We had planned to meet up with Steve and Janice for a few days of camping in Colorado and we made it into a 12-day road trip. While our first destination was Durango, we decided to get an earlier start and stop somewhere along the way to break up the 7-hour haul. That somewhere turned out to be the Meteor Crater, near Winslow, AZ. This is the first crater confirmed as being caused by a celestial body. It is relatively young, large and well-preserved, as far as craters go. Worth a visit as both a natural phenomenon and a roadside attraction.
We stayed at an RV park near the crater and took off in the morning for the Colorado border. The scenery changed from high desert to mountain ranges almost as we crossed the state line. It was nice to see some green!
In Durango, we had reserved a creek-side camping spot at Lightner Creek Campground. It was a great base from which to explore the area. That evening we wandered around the streets of Durango and stopped in at a brew pub.
Our first destination was to double back to Mesa Verde. The drive into the park was spectacular in itself.
We had stopped at the visitor center the day before to reserve a spot on a ranger-guided tour of the Cliff Palace, so we were ready to go. It was interesting to learn how the Ancestral Puebloans lived in these cliff dwellings.
After the tour, we drove around the rest of Chapin Mesa, taking in the views from across the canyon of Spruce Tree House and visiting pit houses and the Far View site.
The fire in the San Juan Mountains north of Durango was never far from our minds. In the morning the smoke was settled low to the ground and the rest of the day it was ever present on the horizon.
We headed to Salida where we met Steve and Janice for a few days of camping along the Arkansas River.
We were surrounded by the Sawatch Range (the “backbone of the continent”) and had great views of the Collegiate Peaks. We took a side trip to St. Elmo, a ghost town that had had 2000 residents in its mining heyday in the 1880s.
After more fun in and around Salida,
we drove up to Monarch pass and took the tramway to 12,000 feet, where we enjoyed breathtaking views of the continental divide and all the way to Pike’s Peak.

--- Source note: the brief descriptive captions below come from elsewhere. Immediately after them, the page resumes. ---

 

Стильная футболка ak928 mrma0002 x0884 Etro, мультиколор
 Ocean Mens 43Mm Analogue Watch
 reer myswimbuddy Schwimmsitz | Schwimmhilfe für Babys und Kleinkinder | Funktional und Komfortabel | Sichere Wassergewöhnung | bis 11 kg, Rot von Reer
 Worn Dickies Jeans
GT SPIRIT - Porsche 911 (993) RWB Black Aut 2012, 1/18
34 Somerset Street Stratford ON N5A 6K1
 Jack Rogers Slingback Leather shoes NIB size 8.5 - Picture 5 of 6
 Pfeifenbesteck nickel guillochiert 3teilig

The next day we had a beautiful drive to Conifer, home of the world-famous Brooks Place Tavern and to Morrison, home of Steve and Janice.

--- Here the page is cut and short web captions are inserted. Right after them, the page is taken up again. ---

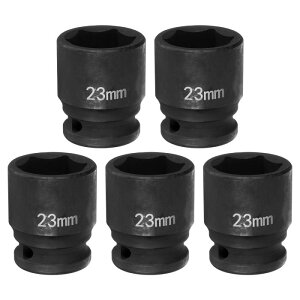 uxcell ZpCpNg\Pbg dhCo[p\Pbg SCM440Nuf| TCY23 mm C^[tF[XTCY1/2" S38mm  5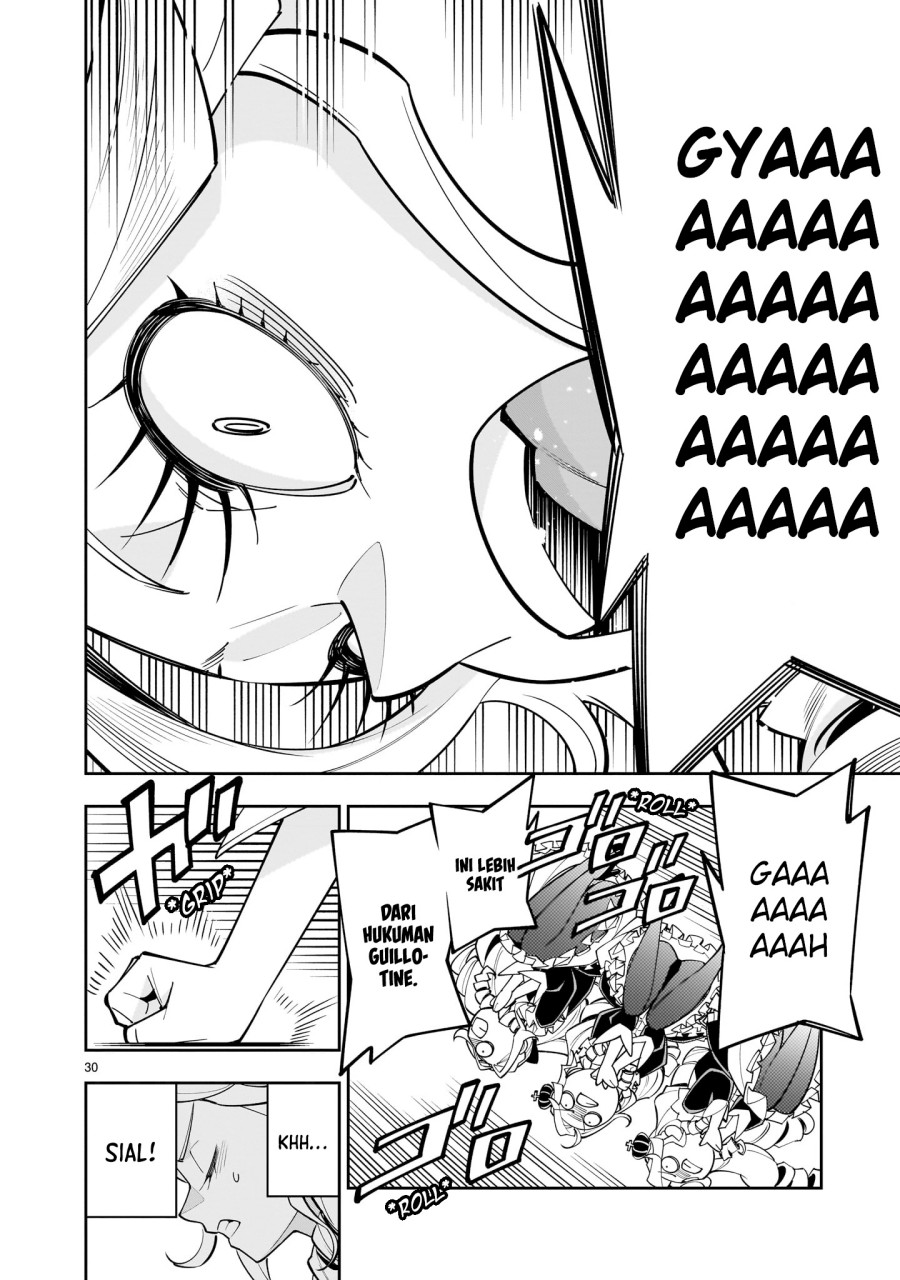 Shi ni Modori Oujo wa Ikinobiru Tameni Yuri Harem wo Tsukuru Koto ni Shita chapter 3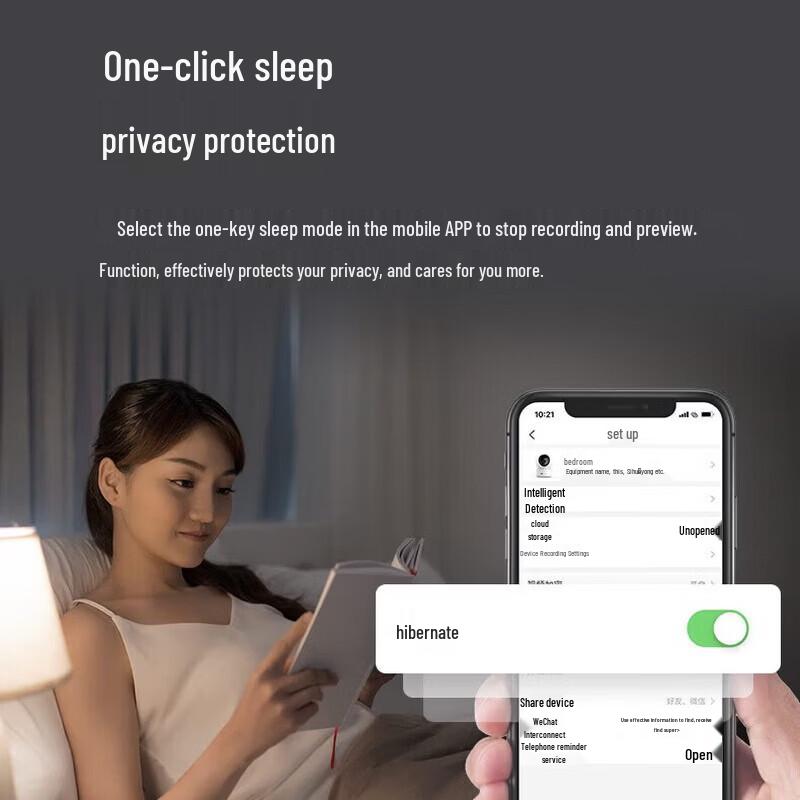 Умная комнатная камера безопасности EZVIZ H6C Pro 4 Мп (Китайская версия)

Ted and I took the Mount Evans Scenic Byway, the highest paved road in North America, all the way up this fourteener. The views and the mountain goat sightings were spectacular. Abbey and I hiked the remaining 140 feet of vertical to the top. Afterward at least one of us was tired.
We saw lots of tundra and sub-alpine flowers along the route (making up for the paucity of spring wildflowers in Arizona this year).
The next day we headed west on 70 and were floored by the scenery. When you haven’t been to Colorado for a few years, you forget just how astonishing the views are, even from the interstate!
In Utah, we took a back road following the Colorado River, to Moab, where we returned to one of the better urban RV parks and to the Moab Brewery, which has pretty good beer and food.
And our last trek was through Navajo country and back home.
It was great to be on the road again and nice to be in the RV. It made us nostalgic for our full-time RVing days, but taking it in 12-day increments isn’t bad. And we have a lovely place to return to in between jaunts.